They live across the USA from me so something Tiny is enticing for a couple reasons. One, it is small to ship back & forth in case something goes wrong, and two- they don't need much horsepower. So long as the RAM and SSD are there, I think anything will be snappy.

My first instinct is the new Broadwell based NUC. Although, I wouldn't object to something slightly bigger if it was markedly better in some way. Is there a good mini-ITX based PC out there, or something between a NUC and mini-ITX?
 
The NUC is entirely too convenient for your situation imo. If anything is wrong they can toss it in a USPS Priority 2 Day box + some padding for $15 and you can take care of it. NUC + SSD + ram makes for a nice neat package. Maybe they'll like the tiny form factor too - definitely a space saver

You could custom build using something Silverstone's new SG13 case or Antec ISK100, etc. but they'll cost you quite a bit more to ship back and forth if you run into any problems. With performance not really being a factor the mobile cpus in NUCs would be fine and as you said, the same RAM and SSD across both builds makes any difference negligible.
 
Yeah, a NUC is almost always the answer in a case like this.

Though I will say, if they don't need much in the way of local storage, something like the HP Stream Mini with an additional 4GB stick of RAM (giving it 6GB total) is apparently a great little PC for <$200. The 32GB SSD is going to be a pretty big limitation if they do anything other than surf the web and/or watch streaming videos or similar. It is a regular M.2 SSD, so it's not slow like eMMC and can be upgraded if you really want, but at that point, probably better just starting off with a NUC.
 
Broadwell would be my minimum speed. I'm mostly concerned about ports, and audio. Only a single speaker-out. If it had a laptop CDROM that might be safer, but I can always do a USB one too.

Although they do need a new monitor too, so I could get one with speakers built-in that works via HDMI.
 
Broadwell would be my minimum speed. I'm mostly concerned about ports, and audio. Only a single speaker-out.
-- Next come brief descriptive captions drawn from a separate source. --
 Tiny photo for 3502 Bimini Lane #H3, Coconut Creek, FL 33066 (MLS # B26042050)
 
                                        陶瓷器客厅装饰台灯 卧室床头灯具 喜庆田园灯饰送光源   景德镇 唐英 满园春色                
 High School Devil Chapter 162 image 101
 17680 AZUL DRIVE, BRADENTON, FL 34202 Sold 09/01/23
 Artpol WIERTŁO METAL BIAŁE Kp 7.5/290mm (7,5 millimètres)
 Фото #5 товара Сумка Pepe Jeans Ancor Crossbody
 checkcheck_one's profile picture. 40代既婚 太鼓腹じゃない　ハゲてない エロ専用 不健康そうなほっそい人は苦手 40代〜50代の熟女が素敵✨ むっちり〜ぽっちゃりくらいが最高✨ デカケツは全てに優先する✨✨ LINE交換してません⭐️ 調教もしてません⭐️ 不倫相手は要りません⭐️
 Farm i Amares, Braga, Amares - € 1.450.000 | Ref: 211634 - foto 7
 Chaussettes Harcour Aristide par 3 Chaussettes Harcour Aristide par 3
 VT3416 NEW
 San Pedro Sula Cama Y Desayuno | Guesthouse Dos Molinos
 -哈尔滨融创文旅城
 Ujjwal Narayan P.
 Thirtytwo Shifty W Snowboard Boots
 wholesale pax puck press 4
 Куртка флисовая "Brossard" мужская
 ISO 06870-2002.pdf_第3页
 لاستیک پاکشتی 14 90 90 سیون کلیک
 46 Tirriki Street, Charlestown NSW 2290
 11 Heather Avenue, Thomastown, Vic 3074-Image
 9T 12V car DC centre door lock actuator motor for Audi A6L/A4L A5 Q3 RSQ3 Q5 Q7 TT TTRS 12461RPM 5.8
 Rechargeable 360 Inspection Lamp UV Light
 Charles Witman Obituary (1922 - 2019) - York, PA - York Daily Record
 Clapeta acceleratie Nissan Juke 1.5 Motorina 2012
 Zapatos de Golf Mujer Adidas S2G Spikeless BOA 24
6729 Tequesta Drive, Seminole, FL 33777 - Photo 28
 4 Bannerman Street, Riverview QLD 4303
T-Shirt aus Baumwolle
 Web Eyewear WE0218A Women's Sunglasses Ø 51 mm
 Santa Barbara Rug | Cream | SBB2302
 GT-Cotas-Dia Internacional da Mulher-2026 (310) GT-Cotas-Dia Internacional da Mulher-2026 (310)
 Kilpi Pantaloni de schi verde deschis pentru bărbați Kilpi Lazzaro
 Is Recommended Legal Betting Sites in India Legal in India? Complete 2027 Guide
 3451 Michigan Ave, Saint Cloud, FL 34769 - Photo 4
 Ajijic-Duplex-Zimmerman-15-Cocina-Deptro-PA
If it had a laptop CDROM that might be safer, but I can always do a USB one too.

Although they do need a new monitor too, so I could get one with speakers built-in that works via HDMI.

I'd just VESA mount the NUC behind the monitor, and get a USB hub for all their peripherals.
 
I'd just VESA mount the NUC behind the monitor, and get a USB hub for all their peripherals.

This.

Other thoughts since it will be far away from "support."

Since it isn't a handheld device, run off a network cable and not WiFi if at all possible, to reduce another point of failure. Also, label and make sure they know what the router is, and how to identify the power cable. Many of us have experienced cheap broadband routers crapping out and needing a power cycle periodically.

Set up some kind of easy remote access for yourself. Unless you do something like DynDNS or trust that the IP doesn't change, use a remote connection service. I use Teamviewer, but plenty others on the market. Software is set to automatically run on Windows startup, so as long as machine is in Windows and the internet connection is not dead, I can connect to it.

Set up some kind of regular backup for their files, and make a system disc image. Windows 7 has it built-in. You can create a restore disc set that uses multiple DVDs and has a bootable disc.